Bullying is bad.
Well, there’s a way to start a post with an obvious statement. But I think you know what I mean.
Today, my kid confessed that back when a kid was teasing him at school, this kid told him he should “just go kill yourself.” Nice, huh? I wonder where a seven-year-old learned that particular phrase. Thankfully, this story has a happy ending, at least for now. J is now friends with this boy. I’ve met him; he’s not a bad kid. He was polite, his mom is a sweetheart, and J has a great time playing with him. It seems strange to think this is the kid who spent a month teasing J. We were also fortunate that J’s teacher is good enough to spot bullying and didn’t tolerate it in his classroom.
Not all kids are so lucky.
This is the kind of thing that goes on every day, in classrooms all across the country. And it’s not limited to classrooms or schools. It happens on playgrounds and in other recreational settings. I’ve had to tell my kids on more than one occasion that they should stay away from certain kids on the playground because they are teasing other kids. My nephew has a couple of boys that live in his neighborhood and have picked on him in his own house. It took months before the whole situation came to light because they were just sneaky enough to do it where the adults couldn’t hear.

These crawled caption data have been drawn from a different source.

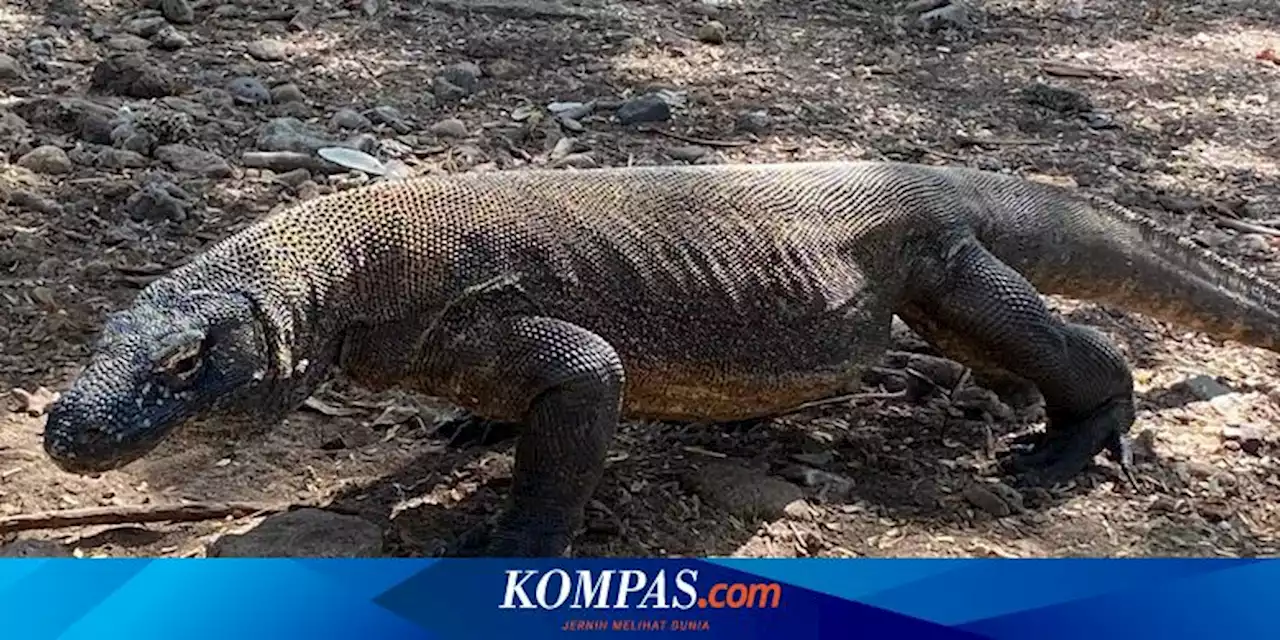 Mengenal Fauna Indonesia Bagian Tengah, Ada Komodo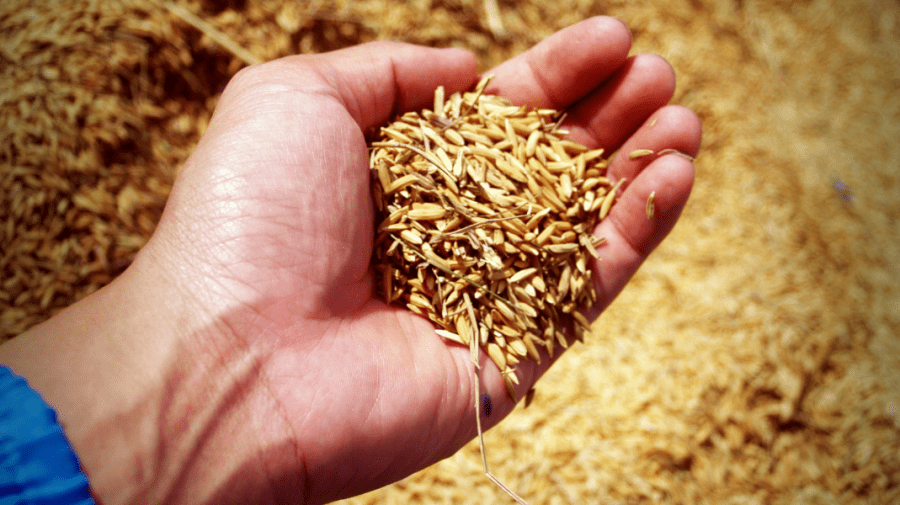 BANI.MD | Seceta a topit speranțele țăranilor! Condițiile aride vor tăia din recolta agricultorilor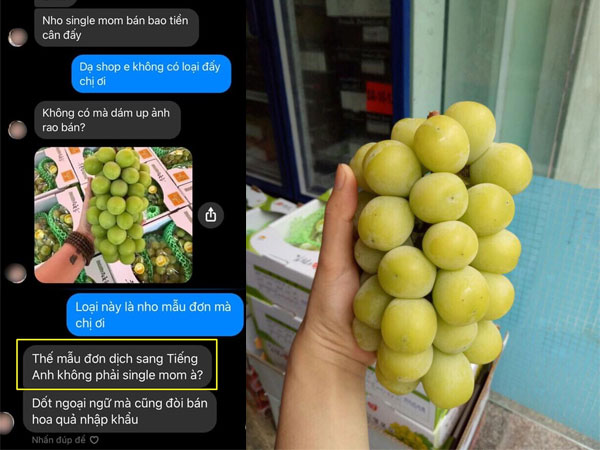 Bị mắng như tát nước vì bán hoa quả mà không biết nho 'single mom' là gì, chủ shop 'héo lời' khi nghe khách giải thích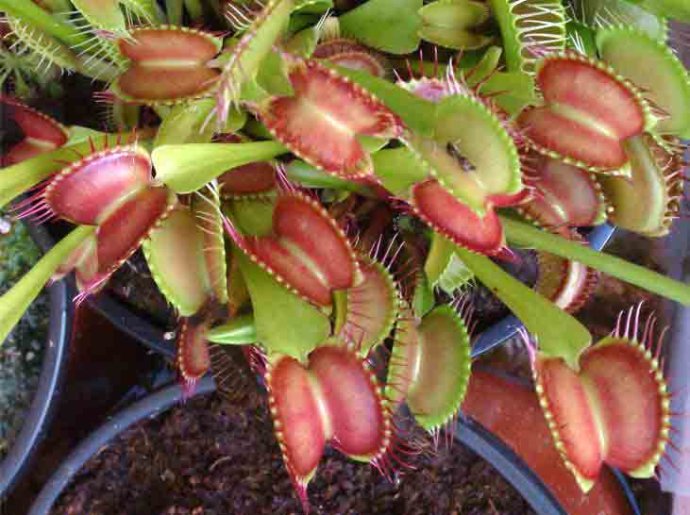 ��Ӭ�ݶ���Σ����ʲô���� ��Ӭ�ݵ���ֳ������ע������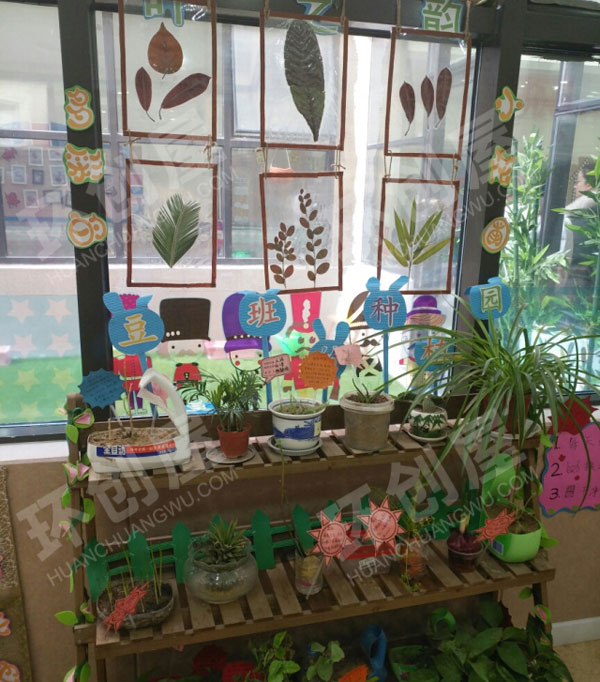 幼儿园走廊植物角图片
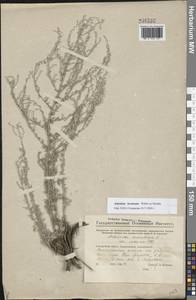 Artemisia lercheana Weber ex Stechm., Eastern Europe, Eastern region (E10) (Russia)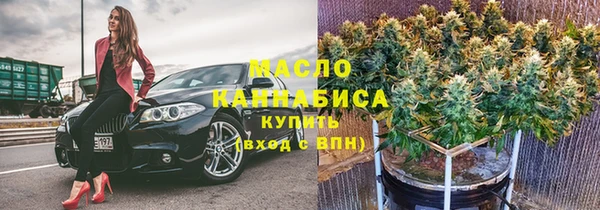 меф Ельня
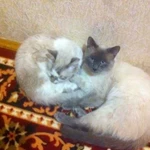 Передержка котов, кошек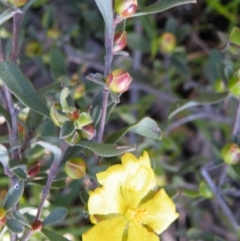 Hibbertia obtusifolia at O'Connor, ACT - 11 Oct 2016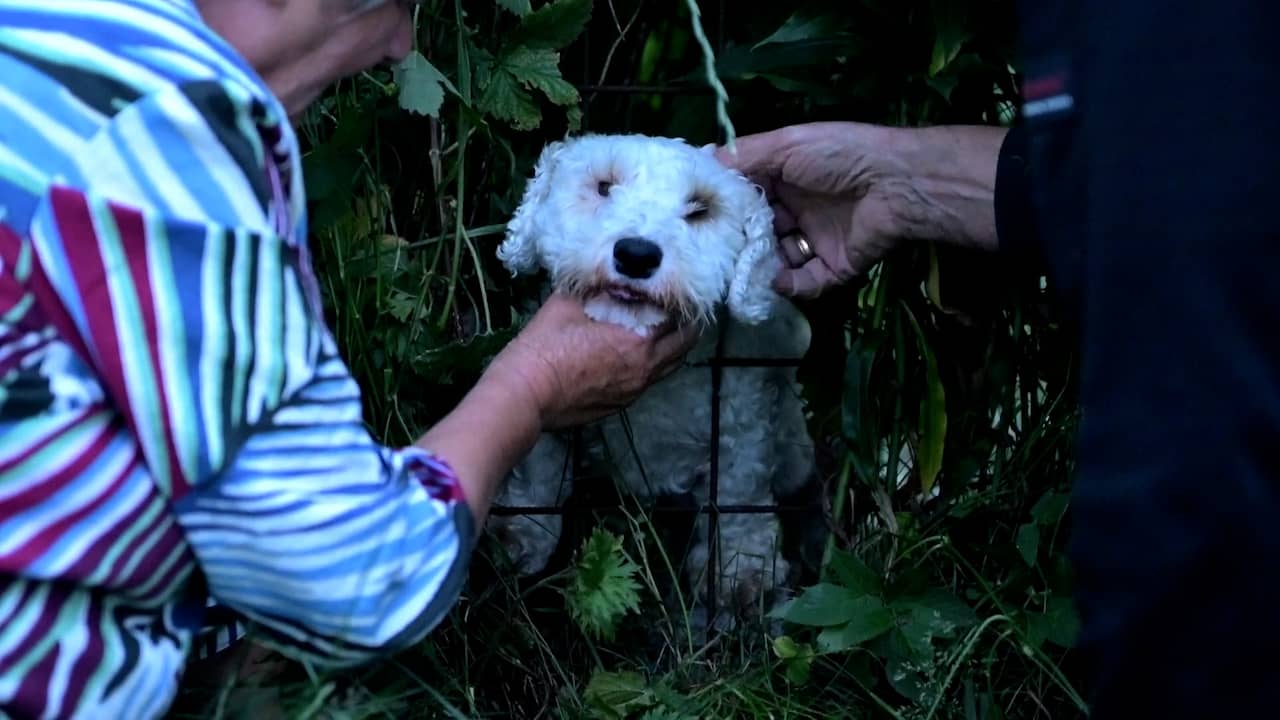 Video | Brandweer redt hondje uit benarde positie in Sneek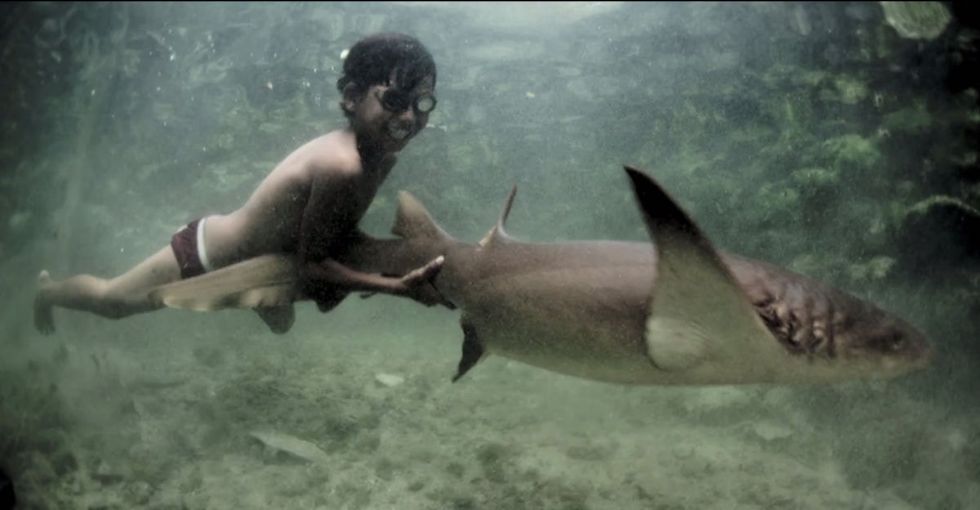 These Kids Literally Swim With Sharks. But What's Really Scary Is How Their Parents Make A Living.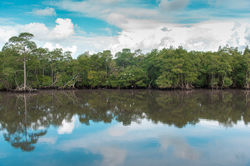 Canal de Bertioga - SP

Which is, of course, what most kids do. They carry out their bullying in much more subtle ways than beating up another kid, and they do it where and when parents or teachers are not listening: Hallways, bathrooms, playgrounds; sly notes, whispers during lessons, even in a kid’s own bedroom, apparently. I can remember being called names for years, and even when I told my teachers, they either didn’t believe me or brushed it aside as “kids will be kids.” I was often told to toughen up or ignore the bullies.
These days, it’s also popular to sympathize with the bully. It’s true, we need to love our enemies. But often the victim is pushed aside in favor of offering “psychological help” to the perpetrators. This may come partly from the mistaken idea that bullies all come from broken homes or have abusive parents. While that is certainly true some of the time, it doesn’t explain everything. Some kids are just mean to others regardless. The kids who picked on me came from stable homes, for the most part. Which only made it harder, actually, because it meant that I took it to heart that there must be something wrong with me if the “normal” kids said so. In fact, I once had an adult suggest as much–that the other kids should be kinder to me even though I was “different.” (I was never exactly clear on how I was different.)
And what about when the adults are the problem? I’ve worked in schools and my husband is a teacher, so we’ve seen it happen. A teacher develops a dislike for a certain student and creates tension for that child. We’ve seen teachers discipline students over make-believe incidents. I recall one student who had stomach aches for an entire year because he was convinced his teacher didn’t like him. I tried to remain non-committal, but it was difficult, given that I knew for a fact that his teacher had expressed dislike for him. I recall another student who was mocked by several teachers who all claimed it was “in good fun.” I know some teachers who say rude things about the (lack of) intelligence of their students and who seem to have very little clue about developmental stages.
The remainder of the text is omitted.